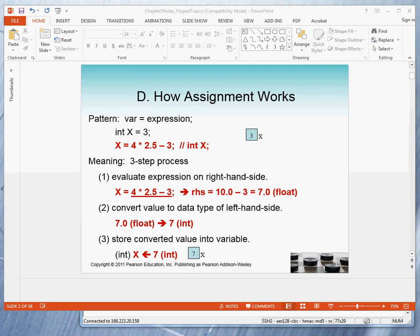Welcome. This is a brief introduction to how assignment works.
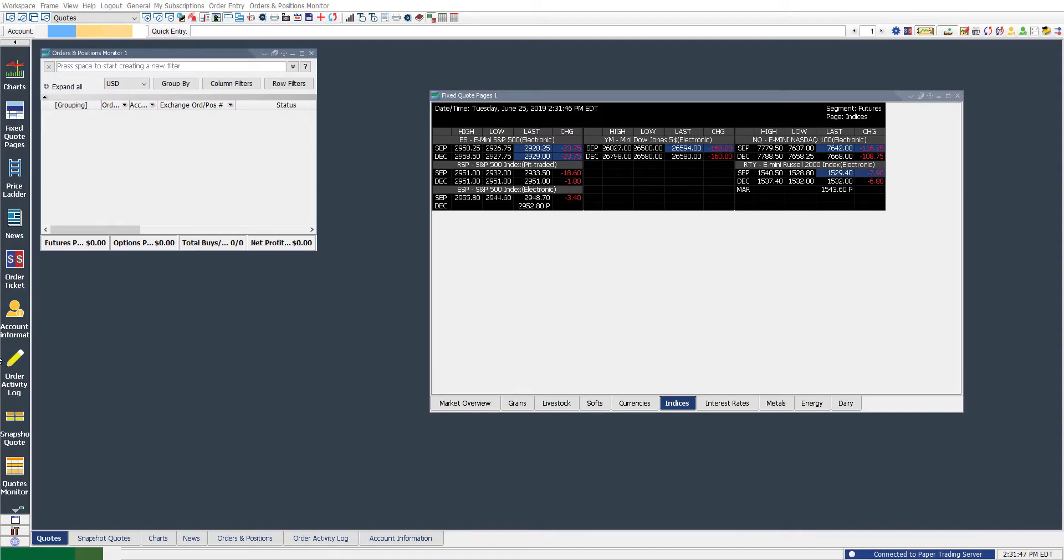Hi, this is Jake from Optimus Futures, and in this video, I'll be showing you how to manage workspaces on the QST trading platform. QST is also known as quick screen trading.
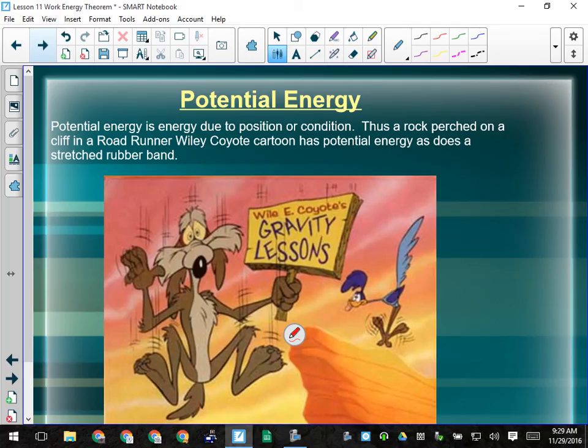Potential energy is energy due to position or condition. We're going to be dealing with energy due to position most of the time. Elastic potential energy is energy due to condition — because of a stretched or compressed nature. Chemical energy is a potential energy due to condition as well — is it flammable, explosive, et cetera. A rock perched on a cliff has potential energy, as does a stretched rubber band — two of Wile E. Coyote's favorite ways to try and catch the Road Runner.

________________________

» YOUR ASSIGNMENT:
Could you retype each line of the material above exactly, skipping the pictures?

» RESPONSE:
Welcome. This is a brief introduction to how assignment works.
Hi, this is Jake from Optimus Futures, and in this video, I'll be showing you how to manage workspaces on the QST trading platform. QST is also known as quick screen trading.
Potential energy is energy due to position or condition. We're going to be dealing with energy due to position most of the time. Elastic potential energy is energy due to condition — because of a stretched or compressed nature. Chemical energy is a potential energy due to condition as well — is it flammable, explosive, et cetera. A rock perched on a cliff has potential energy, as does a stretched rubber band — two of Wile E. Coyote's favorite ways to try and catch the Road Runner.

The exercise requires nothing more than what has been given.